--- Data block Enclosed Below ---

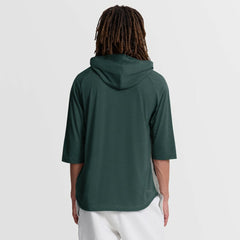 Athletics Nike Authentic Collection Flux Dri-FIT Raglan 3/4-Sleeve Hooded T-Shirt - MLB T-shirts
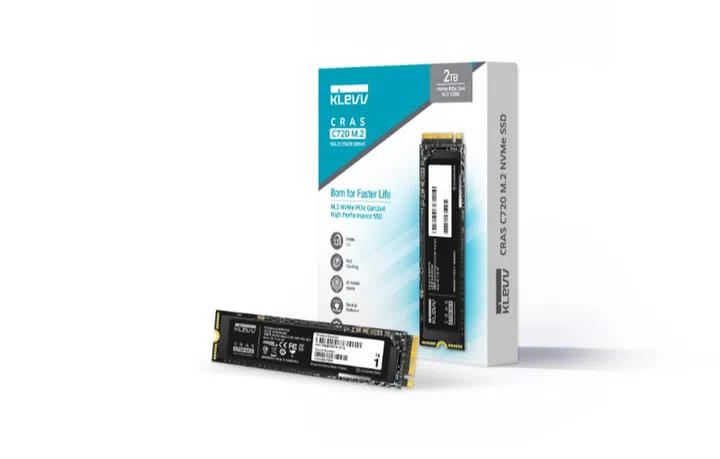 The C720 is an updated version of their C710 SSD. Image courtesy of KLEVV.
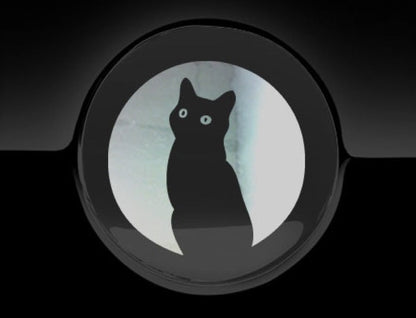 Moon Cat Fuel Cap Cover Car Sticker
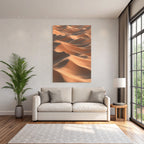 Desert sand dunes landscape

--- End of Enclosed Data block ---

**Exercise instructions**
All of the data must be repeated exactly, except for the pictures.

**Task solution**
 Athletics Nike Authentic Collection Flux Dri-FIT Raglan 3/4-Sleeve Hooded T-Shirt - MLB T-shirts
 The C720 is an updated version of their C710 SSD. Image courtesy of KLEVV.
 Moon Cat Fuel Cap Cover Car Sticker
 Desert sand dunes landscape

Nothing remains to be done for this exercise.